=== Section Start ===
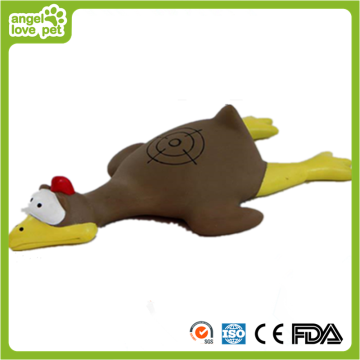 Dog Screaming Chicken Toy Pet Toy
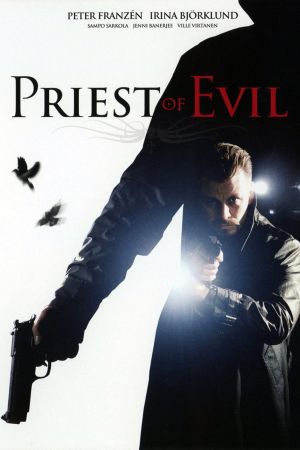 Image Priest of Evil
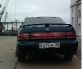 Toyota Camry, 1991 правый руль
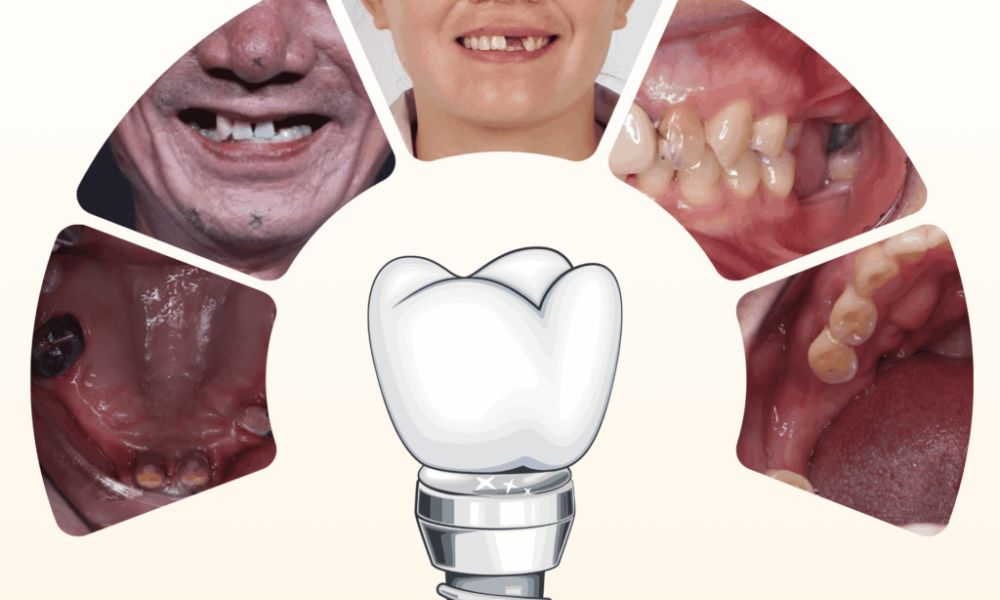 1769006750429.png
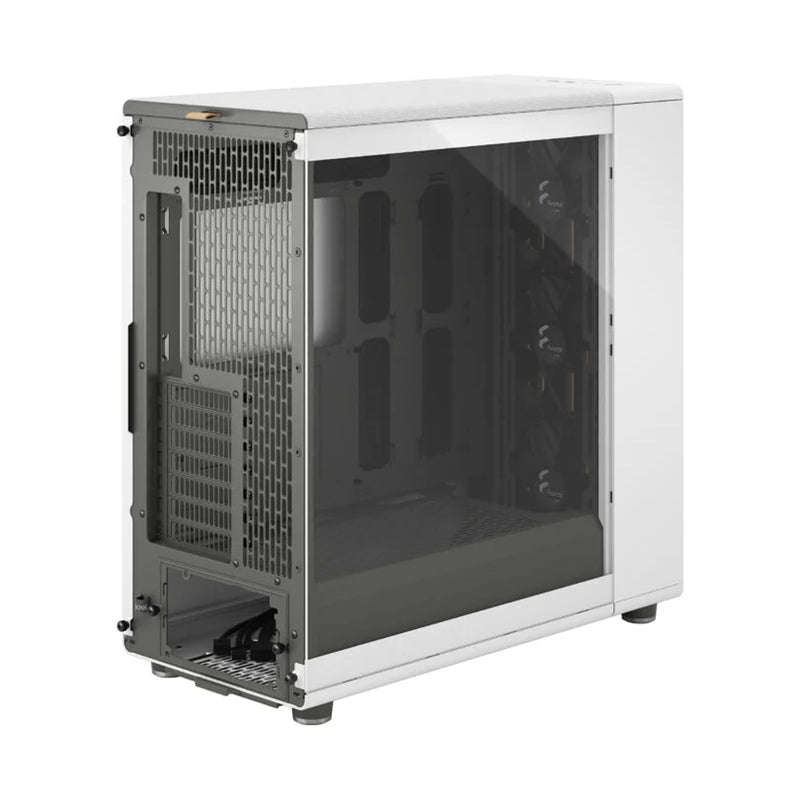 Fractal Design North XL Computer Case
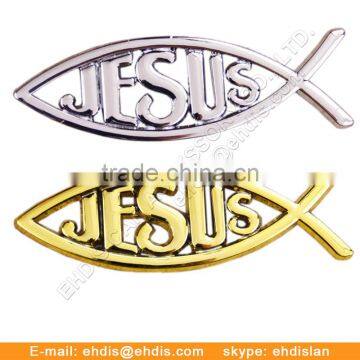 Car Emblems Car Badges Auto Emblems Auto Chrome Emblems photo-3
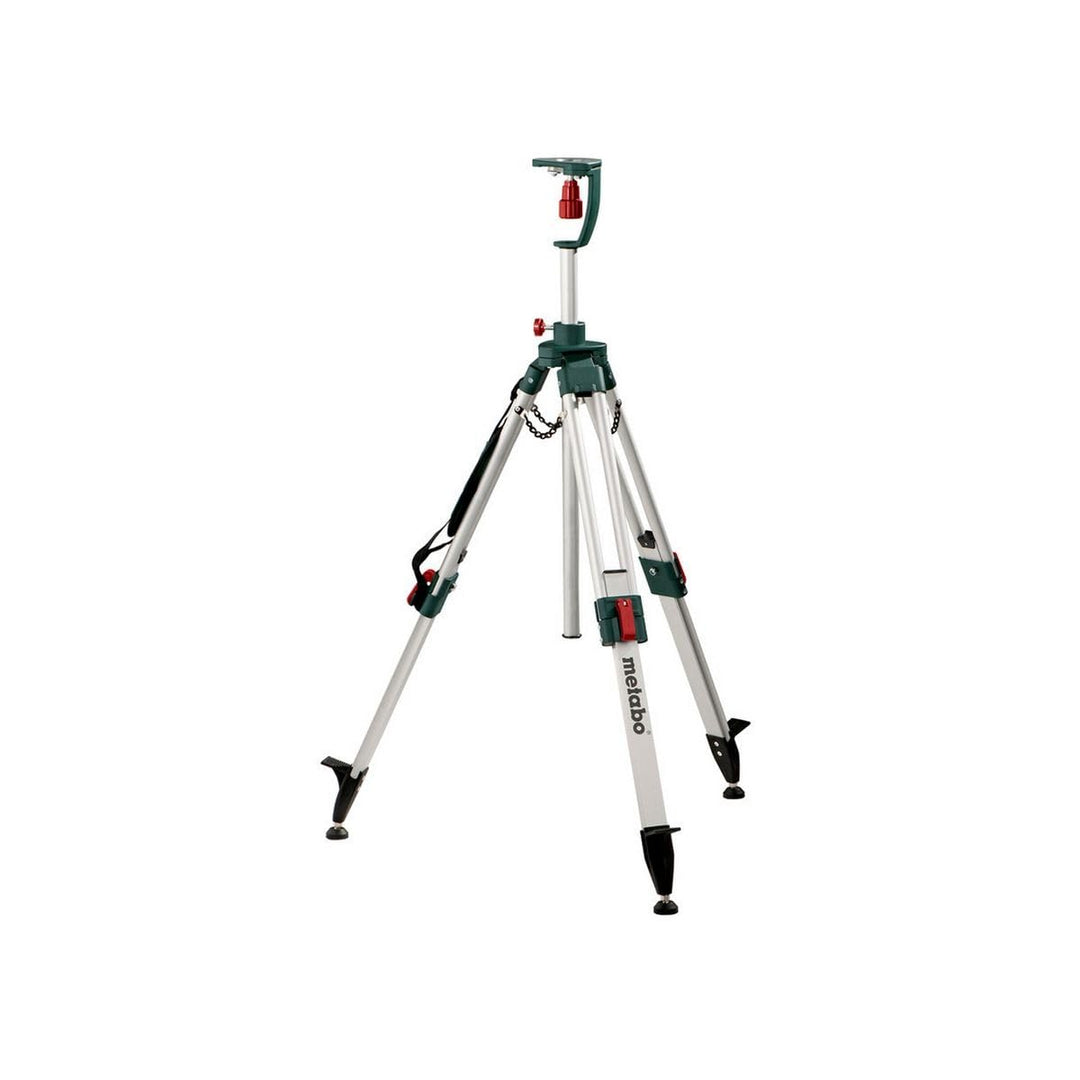 Metabo Stativ für Akku-Baustrahler (623729000)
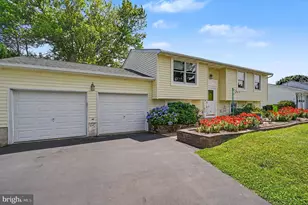 86 Tulip Dr, Conowingo, MD 21918 - Photo 2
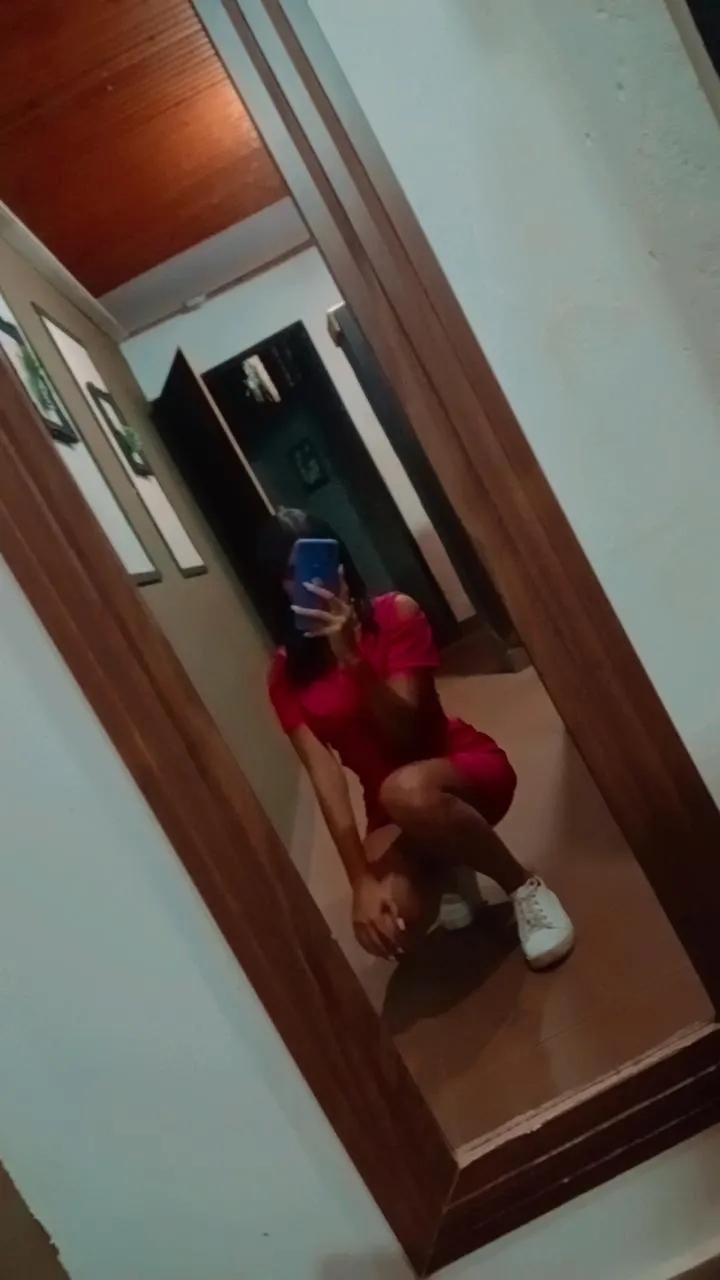 Laryssa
=== Section End ===
### Prompt:
The material is to be written out word for word, and the pictures are to be left out.

### Result for this task:
 Dog Screaming Chicken Toy Pet Toy
 Image Priest of Evil
 Toyota Camry, 1991 правый руль
 1769006750429.png
 Fractal Design North XL Computer Case
 Car Emblems Car Badges Auto Emblems Auto Chrome Emblems photo-3
 Metabo Stativ für Akku-Baustrahler (623729000)
 86 Tulip Dr, Conowingo, MD 21918 - Photo 2
 Laryssa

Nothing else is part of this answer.